Everything You Need To Know About Fixed Deposits in Singapore - Go Bear's Ultimate Guide
Investing is a surefire way to grow your money and achieve lucrative financial goals in time. Choosing the right investment product is crucial to ensuring the success of your venture. Fixed deposits are considered a secure, safe and convenient way of capitalising on extra cash you have, which you will not use in the next few months or years.
Fixed deposits in Singapore come with different promotions for depositors to grab and maximise the benefits. As a low-risk investment, fixed deposit accounts are recommended to those who have the chance to set aside a certain amount of money within a specific period.
What is fixed deposit?
Fixed deposit (FD) is a form of investment facility offered by financial companies that provide interest within a fixed tenure. Also called time deposit or term deposit, fixed deposit accounts allow you to put your savings for a set amount of time without touching it. The longer you promise to leave your money in the bank, the higher the interest rate you’ll get.
Most people opt for this type of investment because it comes with higher interest rate making their savings grow more significantly over time at relatively lower risk. FDs are often considered as safe options because they guarantee returns which will not be affected by market fluctuations.
What are the types of fixed deposit?
FDs come in various types to cater to different needs of an investor. Depending on the features, you may either get higher or lower interest earnings. Here are a few types you can opt for:
- Conventional fixed deposit –Conventional FDs are known as Time Deposit (TDs). TDs usually provide higher interest rates compared to Savings Accounts. You may choose tenors from 1 week to 36 months in which the returns are guaranteed. With TDs, your earnings are bigger when you hold the deposit for a more extended period.
- Foreign Currency Deposit – Foreign currency fixed deposit are available from one week to one year using a currency different from the Singaporean dollar. Foreign Currency FDs provide higher returns compared to TDs but are subject to foreign exchange risks.
- Islamic Fixed Deposit – Islamic fixed deposits conform to the Murabaha principles of Shariah law. This involves the sale of commodities at a specific price determined by the bank. Profits are identified upfront and should be payable within one calendar day after cash payment has been made or cheques have been cleared. Profit rates of 1.25% above are usually granted to customers more than 55 years old.

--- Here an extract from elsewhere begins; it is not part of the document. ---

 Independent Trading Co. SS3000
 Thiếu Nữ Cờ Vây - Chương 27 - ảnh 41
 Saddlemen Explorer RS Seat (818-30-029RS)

What are long term and short term fixed deposits?
FD investments are categorized according to the length by which your money will be held in the bank. In general, depositors earn higher interest rates once they choose to set their money in their accounts for a longer period.
- Short-term FD – Short-term deposits are investments in less than a year. Sometimes the range can even be as short as 30 days. People who have extra cash for diminutive duration can open a fixed deposit account that can earn them better interest rates. The primary objectives of short-term deposits are flexibility and the opportunity to achieve quick-saving ends.
- Long-term FD – Long-term fixed deposits usually range from 12 months to three years. Those who do not need their funds in a near-term can choose to open an FD account that can pay higher interest rates compared to savings accounts.
When choosing between short-term or long-term fixed deposit, consider the fact that banks require a minimum deposit amount depending on the length of term you want.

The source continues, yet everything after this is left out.